Ella se calló y yo me sentí un idiota, un perverso. Quise convertirme en ropa de invierno durante los meses de verano, depositada y olvidada en lo alto de un armario por un buen tiempo. Me quedé inmóvil, controlé cada músculo del cuerpo hasta llevarlo a la inactividad absoluta, salvo el corazón, que latía acompasado mientras la estupidez que había dicho quemaba sobre él y sobre el suyo, como aceite hirviendo debajo de nuestras pieles.
-Disculpame, de verdad no quise -intenté enfriar la situación y fue como querer solucionar el hambre de África con un grano de arroz.
-Yo tampoco quería. Ahora se que sos vos, todos mis miedos.
Se levantó de la cama y empezó a vestirse. Yo seguía recostado con la mirada petrificada sobre el ventilador de techo, como si estuviese haciendo fuerza para encenderlo con la mente. Pité el cigarrillo, que ya se iba acabando, y la ceniza cayó sobre mi pecho aún encendida ¡y la reputa madre que me parió! Ella pareció no notarlo, ni notarme en la habitación estéril. Con la ropa interior ya puesta, se calzó el jean parada de espaldas a mi y noté cómo sus glúteos se adaptaban a la tela y adquirían una redondez pretensiosa. Tuve el inicio de una erección que censuré al instante; un baldazo de agua mental, helada y represora directo a mi calentura.

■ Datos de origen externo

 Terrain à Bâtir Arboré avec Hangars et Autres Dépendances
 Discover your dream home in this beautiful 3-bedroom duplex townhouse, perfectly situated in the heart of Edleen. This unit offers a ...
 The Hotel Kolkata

-Dale no te vayas. Es que todo esto me tomó por sorpresa. No es que sea un demorado mental o un troglodita, pero no dejo de imaginarme… no puedo no imaginarte como antes.

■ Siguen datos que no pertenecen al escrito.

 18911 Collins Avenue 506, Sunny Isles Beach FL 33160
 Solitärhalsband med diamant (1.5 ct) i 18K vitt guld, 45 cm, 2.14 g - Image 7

No sabía ni lo que decía, las palabras llegaban puras a mi boca, las poseía el Demonio del Poco Tacto y salían escupidas como pedazos de vidrio estallado debajo de la lengua. Ella ya estaba vestida, en cuclillas y buscaba algo. Yo no podía moverme. Mi cuerpo era una vía de tren abandonada, en un pueblo olvidado hasta por Dios. Ella se incorporó y me miró, no se si encontró lo que buscaba. Sus ojos se enrojecieron. Unos milimétricos dedos filamentosos y sanguinolentos los sostenían en sus órbitas. Su mirada penetró en mi vida de pueblo fantasma como una flecha que atraviesa el corazón de un recién nacido. Sentí el pánico del amor cuando se va. Todos los miedos se agitaron dentro de mi. El gusto agrio de la cobardía, el implacable deseo de lastimar del lastimado, el miedo sobre el miedo y los pronósticos opresivos.
-Antes, cuando eras… diferente: ¿estuviste con algún.. con otro hombre? -le pregunté a sus ojos, y contestó toda ella.
-Si, me acosté muchas veces con uno. Pero no te preocupes, se murió hace un mes.